## Exercise brief
The material is to be repeated exactly, from first line to last.

──────── Provided entries ────────

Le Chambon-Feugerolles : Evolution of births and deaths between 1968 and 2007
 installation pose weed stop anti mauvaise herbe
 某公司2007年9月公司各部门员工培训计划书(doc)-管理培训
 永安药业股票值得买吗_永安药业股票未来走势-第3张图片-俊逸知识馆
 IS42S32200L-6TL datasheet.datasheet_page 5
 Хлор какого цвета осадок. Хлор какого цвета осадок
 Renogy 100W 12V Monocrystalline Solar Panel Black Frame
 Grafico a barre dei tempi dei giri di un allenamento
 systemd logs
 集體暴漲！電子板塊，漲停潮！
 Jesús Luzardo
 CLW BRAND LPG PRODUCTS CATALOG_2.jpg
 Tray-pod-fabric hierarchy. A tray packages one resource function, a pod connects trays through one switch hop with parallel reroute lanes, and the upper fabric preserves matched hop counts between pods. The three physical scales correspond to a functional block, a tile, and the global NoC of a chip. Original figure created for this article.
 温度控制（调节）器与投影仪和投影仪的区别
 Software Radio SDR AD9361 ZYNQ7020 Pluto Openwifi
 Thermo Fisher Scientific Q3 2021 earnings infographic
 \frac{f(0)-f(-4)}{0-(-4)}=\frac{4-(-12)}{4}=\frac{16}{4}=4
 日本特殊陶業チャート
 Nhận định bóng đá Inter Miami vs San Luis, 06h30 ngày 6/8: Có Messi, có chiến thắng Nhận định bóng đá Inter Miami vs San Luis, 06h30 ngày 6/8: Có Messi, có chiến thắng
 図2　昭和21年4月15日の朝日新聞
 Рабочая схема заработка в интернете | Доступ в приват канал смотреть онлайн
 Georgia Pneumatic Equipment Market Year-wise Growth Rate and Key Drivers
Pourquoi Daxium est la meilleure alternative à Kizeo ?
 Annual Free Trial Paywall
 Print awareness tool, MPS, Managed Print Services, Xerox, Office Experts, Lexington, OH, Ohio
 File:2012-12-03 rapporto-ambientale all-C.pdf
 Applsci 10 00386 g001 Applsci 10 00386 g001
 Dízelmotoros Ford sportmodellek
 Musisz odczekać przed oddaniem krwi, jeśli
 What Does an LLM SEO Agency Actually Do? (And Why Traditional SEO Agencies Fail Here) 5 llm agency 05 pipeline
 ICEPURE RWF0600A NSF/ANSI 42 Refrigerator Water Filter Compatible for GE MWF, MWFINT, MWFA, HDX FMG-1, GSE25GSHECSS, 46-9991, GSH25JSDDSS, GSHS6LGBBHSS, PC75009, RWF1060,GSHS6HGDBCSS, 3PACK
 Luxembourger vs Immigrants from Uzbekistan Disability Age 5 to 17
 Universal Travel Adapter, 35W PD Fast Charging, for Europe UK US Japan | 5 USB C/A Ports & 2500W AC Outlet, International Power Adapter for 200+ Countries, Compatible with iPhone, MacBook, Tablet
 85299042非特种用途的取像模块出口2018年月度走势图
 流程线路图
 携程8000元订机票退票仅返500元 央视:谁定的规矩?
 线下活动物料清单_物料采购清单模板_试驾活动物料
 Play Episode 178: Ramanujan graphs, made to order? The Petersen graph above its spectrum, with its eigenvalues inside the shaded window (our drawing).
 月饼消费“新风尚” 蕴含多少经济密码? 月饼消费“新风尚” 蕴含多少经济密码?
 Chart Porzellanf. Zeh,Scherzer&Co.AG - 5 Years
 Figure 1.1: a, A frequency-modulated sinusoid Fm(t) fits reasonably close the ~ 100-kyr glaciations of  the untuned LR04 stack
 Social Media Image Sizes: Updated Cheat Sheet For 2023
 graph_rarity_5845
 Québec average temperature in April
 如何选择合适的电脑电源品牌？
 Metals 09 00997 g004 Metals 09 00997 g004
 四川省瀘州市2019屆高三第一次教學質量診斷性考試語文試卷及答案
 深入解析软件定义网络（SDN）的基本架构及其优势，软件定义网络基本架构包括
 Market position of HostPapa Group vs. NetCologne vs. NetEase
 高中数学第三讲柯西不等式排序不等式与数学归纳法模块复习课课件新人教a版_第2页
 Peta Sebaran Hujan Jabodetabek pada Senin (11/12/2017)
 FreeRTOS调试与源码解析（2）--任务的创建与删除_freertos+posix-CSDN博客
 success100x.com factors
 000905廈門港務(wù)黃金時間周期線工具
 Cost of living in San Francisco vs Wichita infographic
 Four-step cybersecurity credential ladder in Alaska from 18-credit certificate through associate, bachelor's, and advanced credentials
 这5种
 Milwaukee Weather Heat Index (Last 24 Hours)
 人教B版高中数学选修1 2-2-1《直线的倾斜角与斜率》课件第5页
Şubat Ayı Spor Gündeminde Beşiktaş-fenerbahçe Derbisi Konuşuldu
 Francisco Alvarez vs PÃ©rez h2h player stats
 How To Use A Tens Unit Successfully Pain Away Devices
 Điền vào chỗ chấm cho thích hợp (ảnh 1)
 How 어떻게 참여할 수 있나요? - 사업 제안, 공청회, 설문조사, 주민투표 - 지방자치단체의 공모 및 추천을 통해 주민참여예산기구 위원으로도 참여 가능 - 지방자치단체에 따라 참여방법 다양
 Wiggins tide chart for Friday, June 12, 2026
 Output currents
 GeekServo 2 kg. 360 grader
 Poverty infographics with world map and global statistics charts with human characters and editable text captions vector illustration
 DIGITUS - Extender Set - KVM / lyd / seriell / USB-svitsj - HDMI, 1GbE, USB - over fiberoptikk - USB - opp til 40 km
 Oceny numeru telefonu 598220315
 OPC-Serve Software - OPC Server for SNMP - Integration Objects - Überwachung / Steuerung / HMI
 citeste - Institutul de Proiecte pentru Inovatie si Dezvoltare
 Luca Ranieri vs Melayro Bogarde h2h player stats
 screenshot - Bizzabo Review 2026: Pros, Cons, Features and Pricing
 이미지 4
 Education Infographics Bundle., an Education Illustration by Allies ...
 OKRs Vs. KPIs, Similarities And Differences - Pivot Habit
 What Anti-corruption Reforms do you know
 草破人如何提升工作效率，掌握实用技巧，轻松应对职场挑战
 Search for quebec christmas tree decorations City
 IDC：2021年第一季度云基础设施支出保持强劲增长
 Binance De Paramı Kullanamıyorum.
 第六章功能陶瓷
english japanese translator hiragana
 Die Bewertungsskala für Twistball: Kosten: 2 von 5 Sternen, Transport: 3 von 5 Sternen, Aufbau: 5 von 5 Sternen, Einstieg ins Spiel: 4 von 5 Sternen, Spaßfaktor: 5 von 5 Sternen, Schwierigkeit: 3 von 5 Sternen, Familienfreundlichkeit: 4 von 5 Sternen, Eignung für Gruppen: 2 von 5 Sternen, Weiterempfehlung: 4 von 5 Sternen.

────────

## Result of the exercise
Le Chambon-Feugerolles : Evolution of births and deaths between 1968 and 2007
 installation pose weed stop anti mauvaise herbe
 某公司2007年9月公司各部门员工培训计划书(doc)-管理培训
 永安药业股票值得买吗_永安药业股票未来走势-第3张图片-俊逸知识馆
 IS42S32200L-6TL datasheet.datasheet_page 5
 Хлор какого цвета осадок. Хлор какого цвета осадок
 Renogy 100W 12V Monocrystalline Solar Panel Black Frame
 Grafico a barre dei tempi dei giri di un allenamento
 systemd logs
 集體暴漲！電子板塊，漲停潮！
 Jesús Luzardo
 CLW BRAND LPG PRODUCTS CATALOG_2.jpg
 Tray-pod-fabric hierarchy. A tray packages one resource function, a pod connects trays through one switch hop with parallel reroute lanes, and the upper fabric preserves matched hop counts between pods. The three physical scales correspond to a functional block, a tile, and the global NoC of a chip. Original figure created for this article.
 温度控制（调节）器与投影仪和投影仪的区别
 Software Radio SDR AD9361 ZYNQ7020 Pluto Openwifi
 Thermo Fisher Scientific Q3 2021 earnings infographic
 \frac{f(0)-f(-4)}{0-(-4)}=\frac{4-(-12)}{4}=\frac{16}{4}=4
 日本特殊陶業チャート
 Nhận định bóng đá Inter Miami vs San Luis, 06h30 ngày 6/8: Có Messi, có chiến thắng Nhận định bóng đá Inter Miami vs San Luis, 06h30 ngày 6/8: Có Messi, có chiến thắng
 図2　昭和21年4月15日の朝日新聞
 Рабочая схема заработка в интернете | Доступ в приват канал смотреть онлайн
 Georgia Pneumatic Equipment Market Year-wise Growth Rate and Key Drivers
Pourquoi Daxium est la meilleure alternative à Kizeo ?
 Annual Free Trial Paywall
 Print awareness tool, MPS, Managed Print Services, Xerox, Office Experts, Lexington, OH, Ohio
 File:2012-12-03 rapporto-ambientale all-C.pdf
 Applsci 10 00386 g001 Applsci 10 00386 g001
 Dízelmotoros Ford sportmodellek
 Musisz odczekać przed oddaniem krwi, jeśli
 What Does an LLM SEO Agency Actually Do? (And Why Traditional SEO Agencies Fail Here) 5 llm agency 05 pipeline
 ICEPURE RWF0600A NSF/ANSI 42 Refrigerator Water Filter Compatible for GE MWF, MWFINT, MWFA, HDX FMG-1, GSE25GSHECSS, 46-9991, GSH25JSDDSS, GSHS6LGBBHSS, PC75009, RWF1060,GSHS6HGDBCSS, 3PACK
 Luxembourger vs Immigrants from Uzbekistan Disability Age 5 to 17
 Universal Travel Adapter, 35W PD Fast Charging, for Europe UK US Japan | 5 USB C/A Ports & 2500W AC Outlet, International Power Adapter for 200+ Countries, Compatible with iPhone, MacBook, Tablet
 85299042非特种用途的取像模块出口2018年月度走势图
 流程线路图
 携程8000元订机票退票仅返500元 央视:谁定的规矩?
 线下活动物料清单_物料采购清单模板_试驾活动物料
 Play Episode 178: Ramanujan graphs, made to order? The Petersen graph above its spectrum, with its eigenvalues inside the shaded window (our drawing).
 月饼消费“新风尚” 蕴含多少经济密码? 月饼消费“新风尚” 蕴含多少经济密码?
 Chart Porzellanf. Zeh,Scherzer&Co.AG - 5 Years
 Figure 1.1: a, A frequency-modulated sinusoid Fm(t) fits reasonably close the ~ 100-kyr glaciations of  the untuned LR04 stack
 Social Media Image Sizes: Updated Cheat Sheet For 2023
 graph_rarity_5845
 Québec average temperature in April
 如何选择合适的电脑电源品牌？
 Metals 09 00997 g004 Metals 09 00997 g004
 四川省瀘州市2019屆高三第一次教學質量診斷性考試語文試卷及答案
 深入解析软件定义网络（SDN）的基本架构及其优势，软件定义网络基本架构包括
 Market position of HostPapa Group vs. NetCologne vs. NetEase
 高中数学第三讲柯西不等式排序不等式与数学归纳法模块复习课课件新人教a版_第2页
 Peta Sebaran Hujan Jabodetabek pada Senin (11/12/2017)
 FreeRTOS调试与源码解析（2）--任务的创建与删除_freertos+posix-CSDN博客
 success100x.com factors
 000905廈門港務(wù)黃金時間周期線工具
 Cost of living in San Francisco vs Wichita infographic
 Four-step cybersecurity credential ladder in Alaska from 18-credit certificate through associate, bachelor's, and advanced credentials
 这5种
 Milwaukee Weather Heat Index (Last 24 Hours)
 人教B版高中数学选修1 2-2-1《直线的倾斜角与斜率》课件第5页
Şubat Ayı Spor Gündeminde Beşiktaş-fenerbahçe Derbisi Konuşuldu
 Francisco Alvarez vs PÃ©rez h2h player stats
 How To Use A Tens Unit Successfully Pain Away Devices
 Điền vào chỗ chấm cho thích hợp (ảnh 1)
 How 어떻게 참여할 수 있나요? - 사업 제안, 공청회, 설문조사, 주민투표 - 지방자치단체의 공모 및 추천을 통해 주민참여예산기구 위원으로도 참여 가능 - 지방자치단체에 따라 참여방법 다양
 Wiggins tide chart for Friday, June 12, 2026
 Output currents
 GeekServo 2 kg. 360 grader
 Poverty infographics with world map and global statistics charts with human characters and editable text captions vector illustration
 DIGITUS - Extender Set - KVM / lyd / seriell / USB-svitsj - HDMI, 1GbE, USB - over fiberoptikk - USB - opp til 40 km
 Oceny numeru telefonu 598220315
 OPC-Serve Software - OPC Server for SNMP - Integration Objects - Überwachung / Steuerung / HMI
 citeste - Institutul de Proiecte pentru Inovatie si Dezvoltare
 Luca Ranieri vs Melayro Bogarde h2h player stats
 screenshot - Bizzabo Review 2026: Pros, Cons, Features and Pricing
 이미지 4
 Education Infographics Bundle., an Education Illustration by Allies ...
 OKRs Vs. KPIs, Similarities And Differences - Pivot Habit
 What Anti-corruption Reforms do you know
 草破人如何提升工作效率，掌握实用技巧，轻松应对职场挑战
 Search for quebec christmas tree decorations City
 IDC：2021年第一季度云基础设施支出保持强劲增长
 Binance De Paramı Kullanamıyorum.
 第六章功能陶瓷
english japanese translator hiragana
 Die Bewertungsskala für Twistball: Kosten: 2 von 5 Sternen, Transport: 3 von 5 Sternen, Aufbau: 5 von 5 Sternen, Einstieg ins Spiel: 4 von 5 Sternen, Spaßfaktor: 5 von 5 Sternen, Schwierigkeit: 3 von 5 Sternen, Familienfreundlichkeit: 4 von 5 Sternen, Eignung für Gruppen: 2 von 5 Sternen, Weiterempfehlung: 4 von 5 Sternen.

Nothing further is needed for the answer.